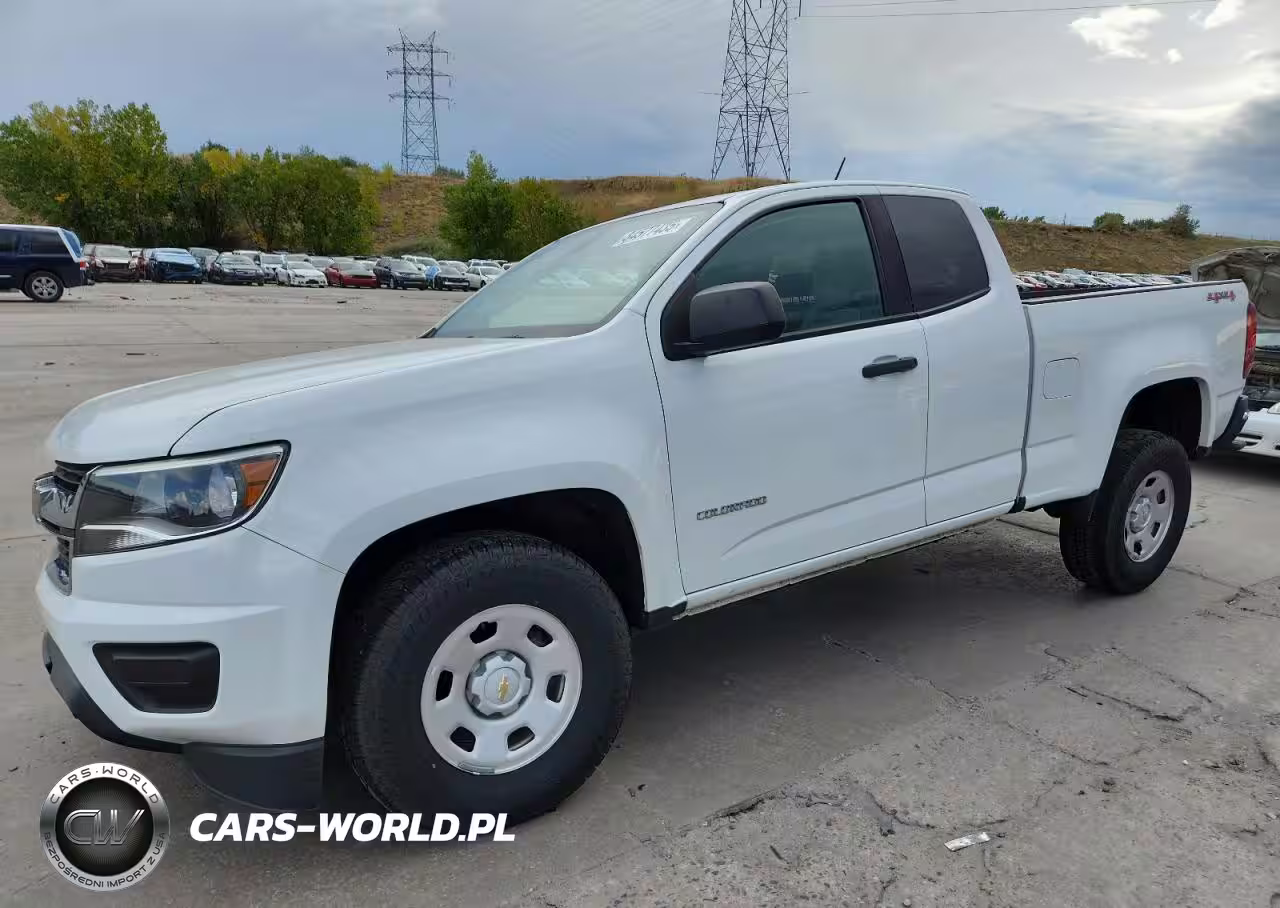 2019 Chevrolet Colorado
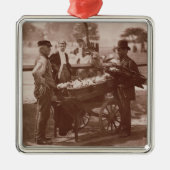 BreiFaker und Ingwer-Bier-Hersteller, 'von der Silbernes Ornament (Vorne)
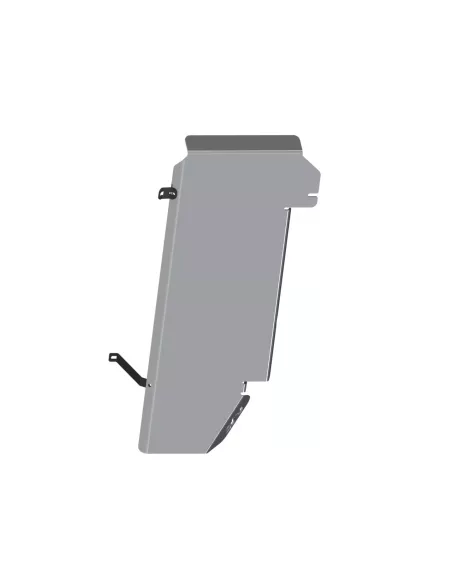 Ski de protection de réservoir en aluminium de 6mm pour Nissan Navara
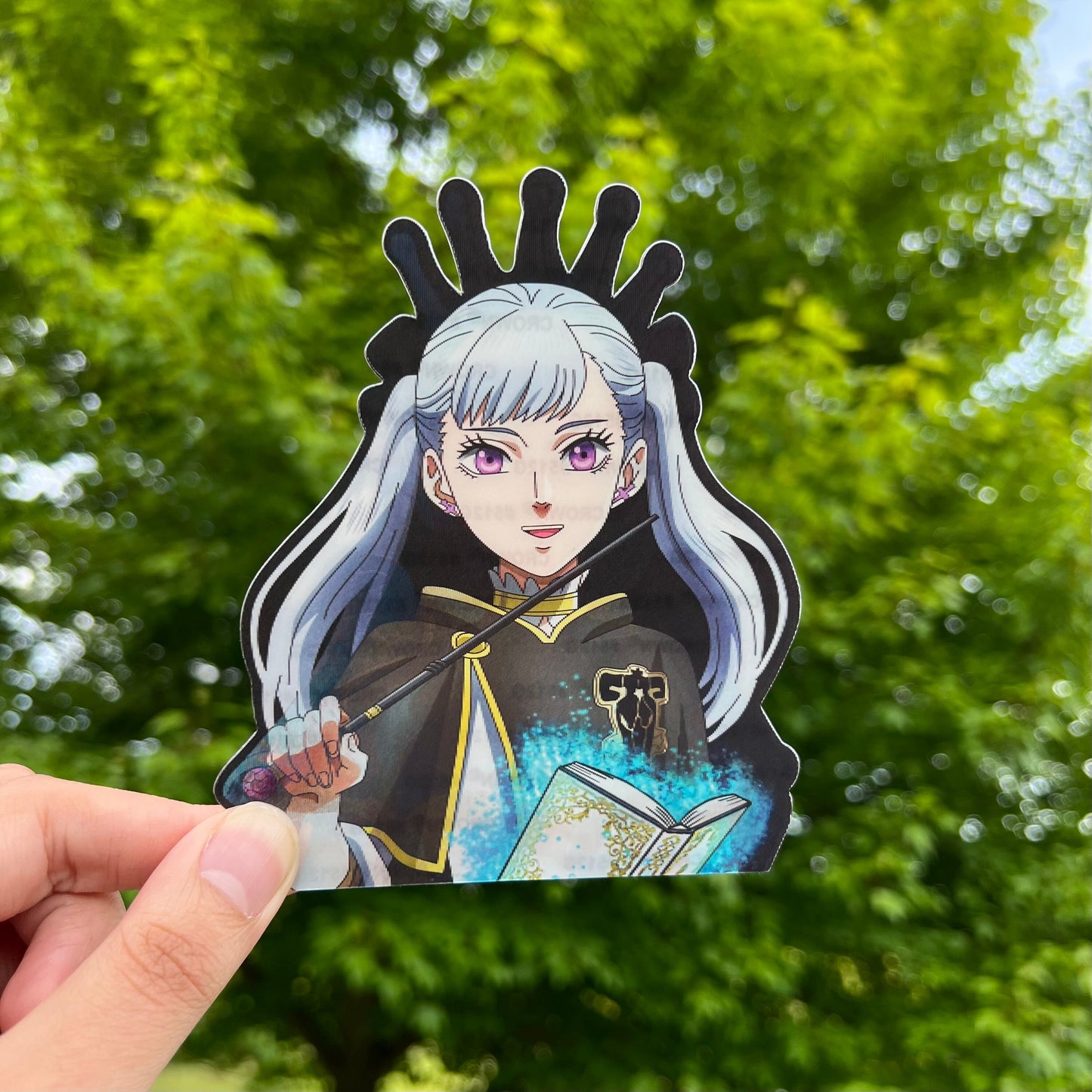 Water Bound Magic Knight Motion Sticker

◆ TASK OBJECTIVE ◆
Write the data above out again exactly, minus its pictures.

◆ RESULT OF THIS TASK ◆
 2019 Chevrolet Colorado
 BreiFaker und Ingwer-Bier-Hersteller, 'von der Silbernes Ornament (Vorne)
 Ski de protection de réservoir en aluminium de 6mm pour Nissan Navara
 Water Bound Magic Knight Motion Sticker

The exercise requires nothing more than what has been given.